WHAT IS NEEDED.
Your answer must be the full listing below, repeated exactly, with no pictures in it.
----- AVAILABLE RECORDS -----
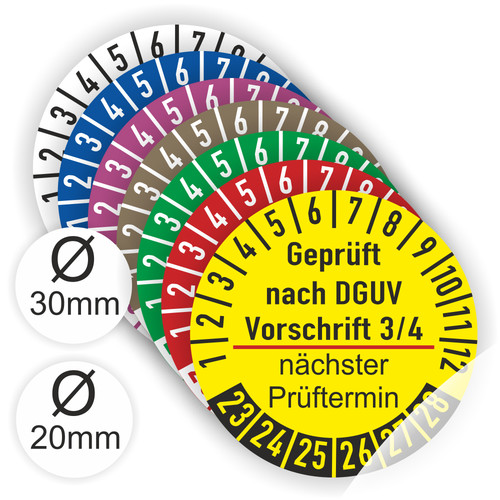 Prüfplaketten geprüft nach - prüfplaketten,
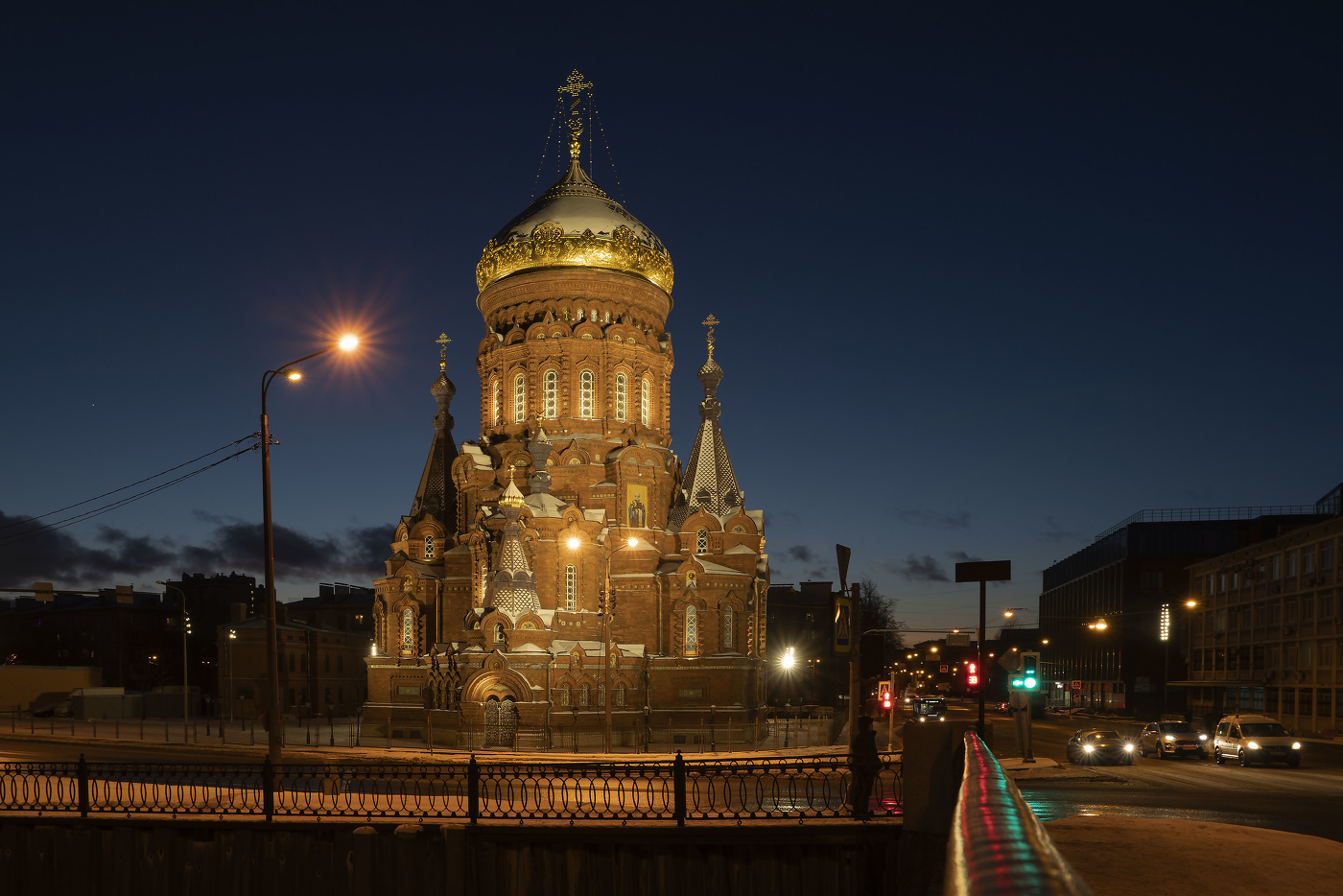 Храм Богоявления на Гутуевском острове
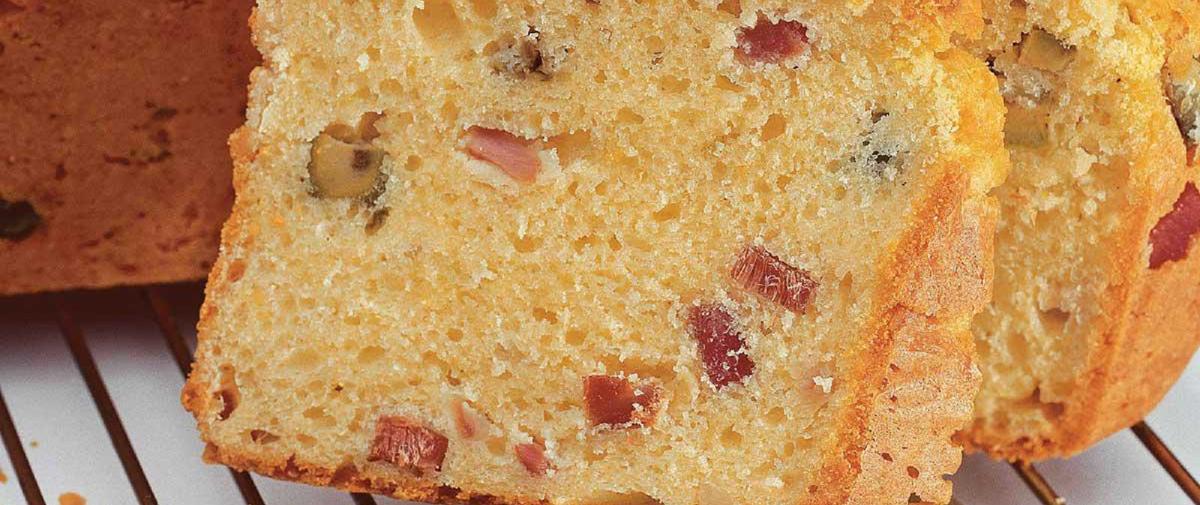 Recette Cake Au Jambon Et Aux Olives Cuisine Madame Figaro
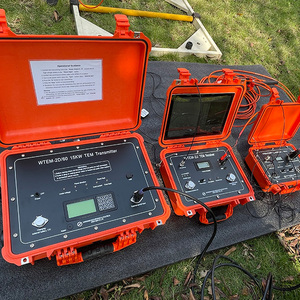 Équipement géophysique électromagnétique transitoire TEM Résistivité Imagerie avec GPS pour l'exploration sous-marine du minerai d'or - Product Image 6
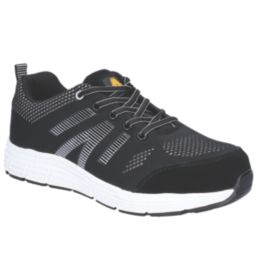 Amblers AS714 Bolt Size 12  Black   Steel Toe Cap Safety Trainers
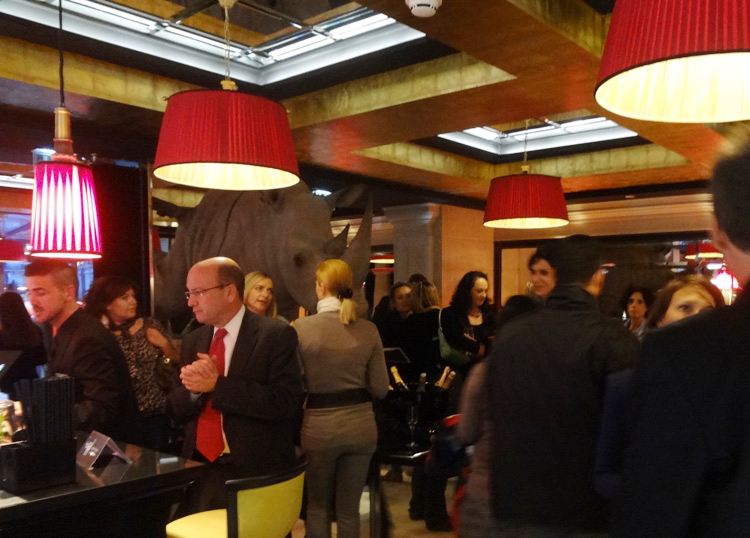 You guessed it! It's the chocolate :)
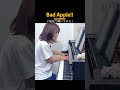 【ガチ初見】聴かずに弾くとこうなる!『Bad Apple!!feat.nomico』#shorts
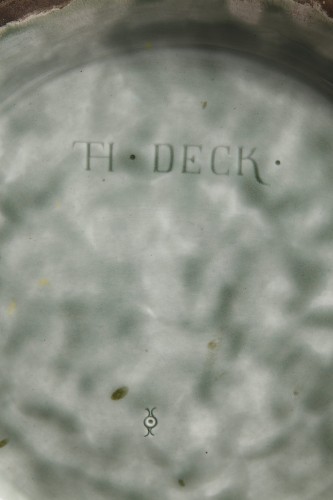 Antiquités - Cache-pot - Théodore Deck (1823-1891)
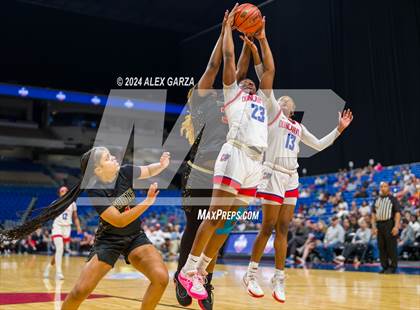 Thumbnail 2 in Duncanville vs. South Grand Prairie (UIL 6A Basketball Final) photogallery.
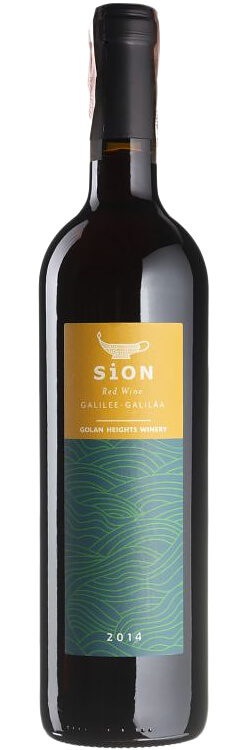 2014 Golan Heights Sion Creek Red фото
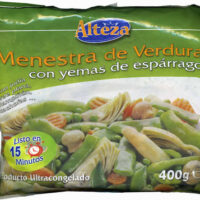 Menestra from Vegetables Frozen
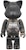 Bearbrick My First Nyabrick Baby 100% & 400% Set 'Black'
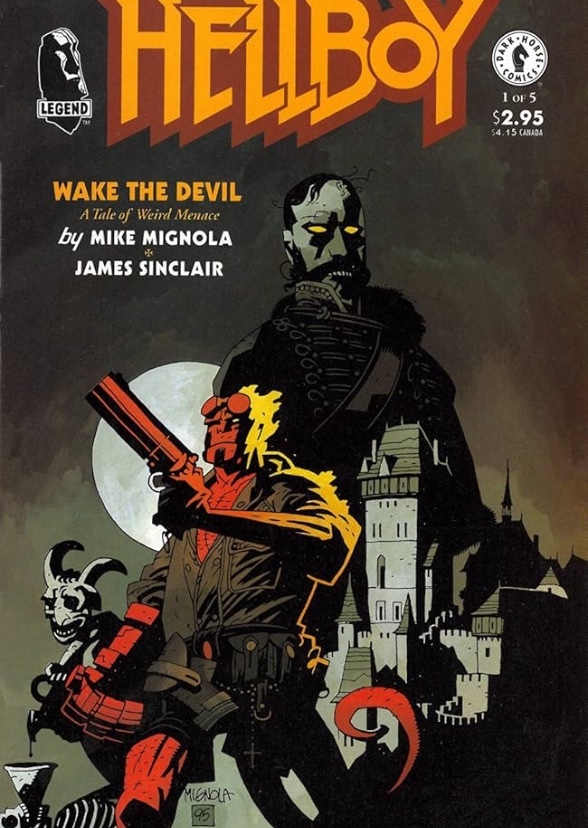 Hellboy: Blood And Iron
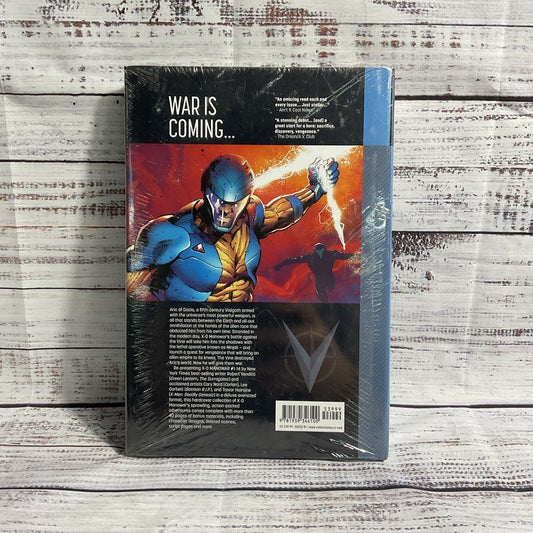 Valiant X O Manowar Deluxe Edition #1 Hardcover New/sealed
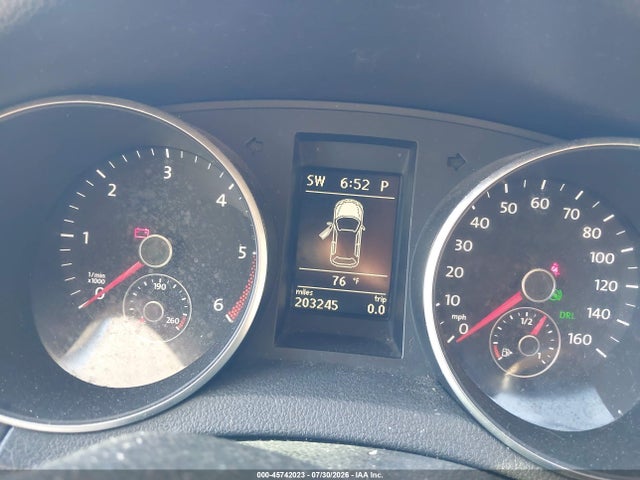 Продажа на аукционе авто 2012 Volkswagen Jetta Sportwagen 2.0l Tdi, vin: 3VWPL7AJ7CM672979, номер лота: 45742023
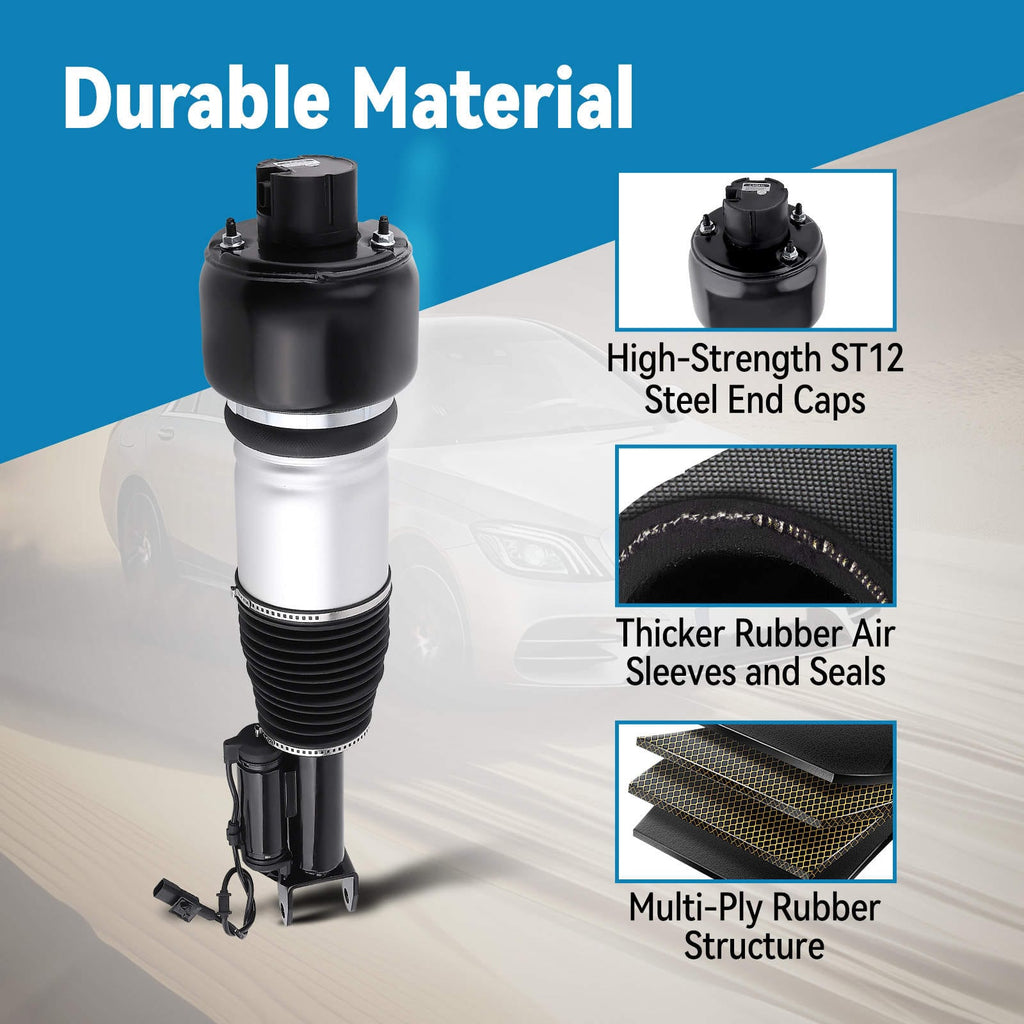 12 stuks Draagarm Kit geschikt voor Mercedes E-Klasse W211 CLS C219 voor Axle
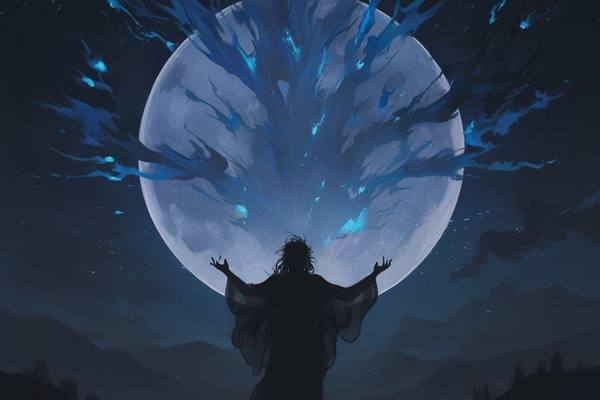 AI-generated image analyzed by PromptLens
-----
EXPECTED OUTPUT.
 Prüfplaketten geprüft nach - prüfplaketten,
 Храм Богоявления на Гутуевском острове
 Recette Cake Au Jambon Et Aux Olives Cuisine Madame Figaro
 Équipement géophysique électromagnétique transitoire TEM Résistivité Imagerie avec GPS pour l'exploration sous-marine du minerai d'or - Product Image 6
 Amblers AS714 Bolt Size 12  Black   Steel Toe Cap Safety Trainers
 You guessed it! It's the chocolate :)
 【ガチ初見】聴かずに弾くとこうなる!『Bad Apple!!feat.nomico』#shorts
 Antiquités - Cache-pot - Théodore Deck (1823-1891)
 Thumbnail 2 in Duncanville vs. South Grand Prairie (UIL 6A Basketball Final) photogallery.
 2014 Golan Heights Sion Creek Red фото
 Menestra from Vegetables Frozen
 Bearbrick My First Nyabrick Baby 100% & 400% Set 'Black'
 Hellboy: Blood And Iron
 Valiant X O Manowar Deluxe Edition #1 Hardcover New/sealed
 Продажа на аукционе авто 2012 Volkswagen Jetta Sportwagen 2.0l Tdi, vin: 3VWPL7AJ7CM672979, номер лота: 45742023
 12 stuks Draagarm Kit geschikt voor Mercedes E-Klasse W211 CLS C219 voor Axle
 AI-generated image analyzed by PromptLens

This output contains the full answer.